SMASHED: SPEAKING HISTORIES OF INSURRECTION

 

 

“SMASHED: Speaking Histories of Insurrection” consisted of an audio piece by Hannah O’Flynn that forms part of “The Critical Drinking Curriculum”, a series co-curated by Vita Buivid and Hannah O’Flynn on the political history of alcohol. The piece enquires into the Irish pub as a political space for community building, transmission of oral history and anti-colonial organising within the context of the long British colonial occupation of Ireland.

The work shown is a sonic collage of conversations with Michelle Turley, Pádraigín O’Flynn, Ian Nolan and Niall O’Flynn on the space created around the practice of collective drinking, and its relation to the disavowal of and organisation against an oppressive colonial regime. The research on the collective memories of Ireland’s colonisation and resistance is approached through storytelling and the re-telling of personal and family histories deeply entrenched in this history.

The space of the pub becomes the prism into this research due to drunkenness’ close relationship to the transmission of oral history. This is of particular importance in the Irish context due to its long history under colonial rule, where official written history was controlled by the British — drunk oral history becoming, thus, a possible space for insurgency.
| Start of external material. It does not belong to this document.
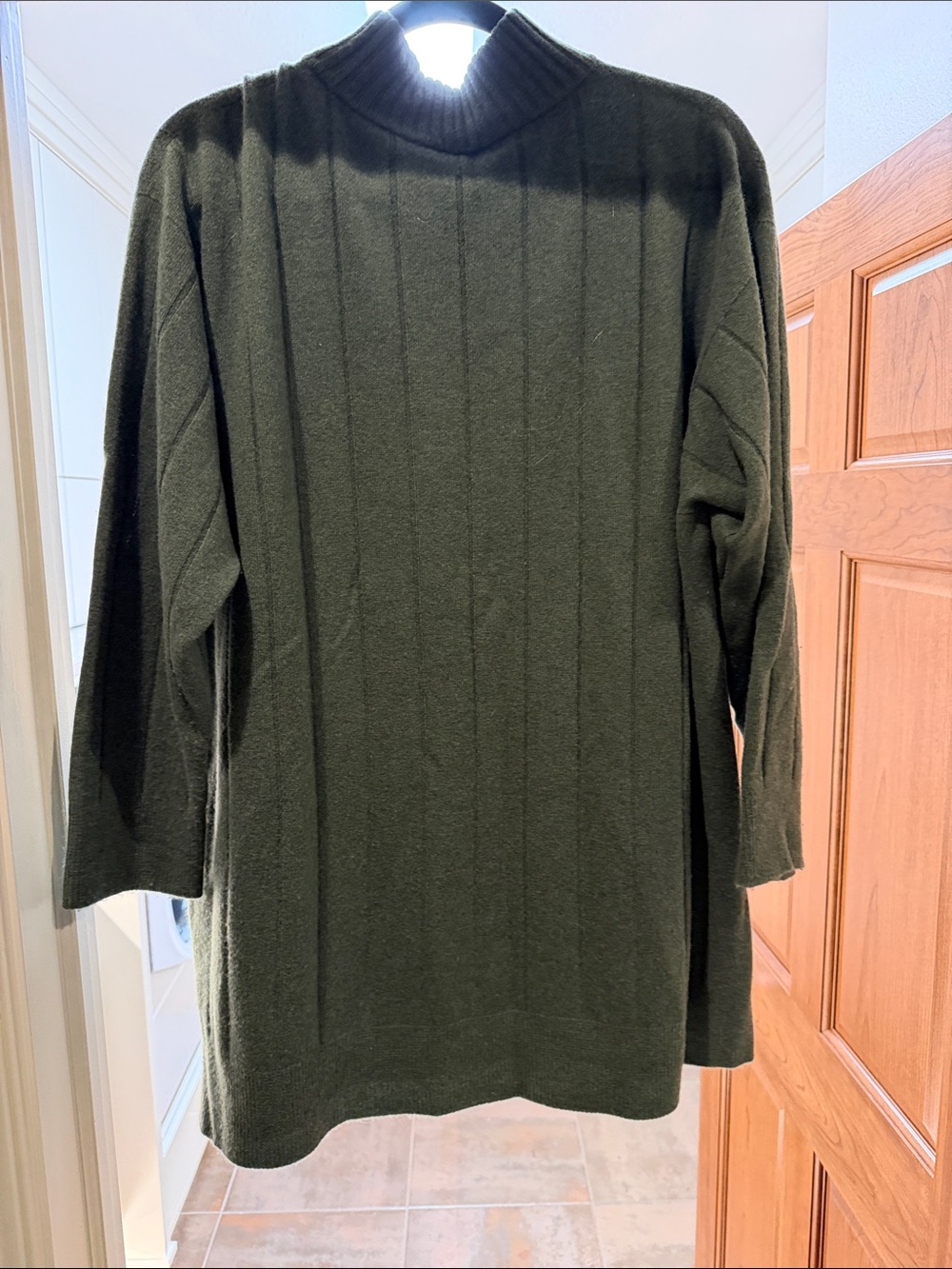 Eileen Fisher cashmere sweater Mock Turtleneck Sweater - Olive Green - Picture 4 of 9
What place does the pub occupy within the social fabric? In what ways can the pub be a space of learning? How do the voices of the oppressed move through and around a system of violent silencing? In what ways does drunk speech escape discipline? What are the ways in which one listens? What does contagious singing have to do with collective political activation? Is there a direct relation between higher alcohol consumption and political despair?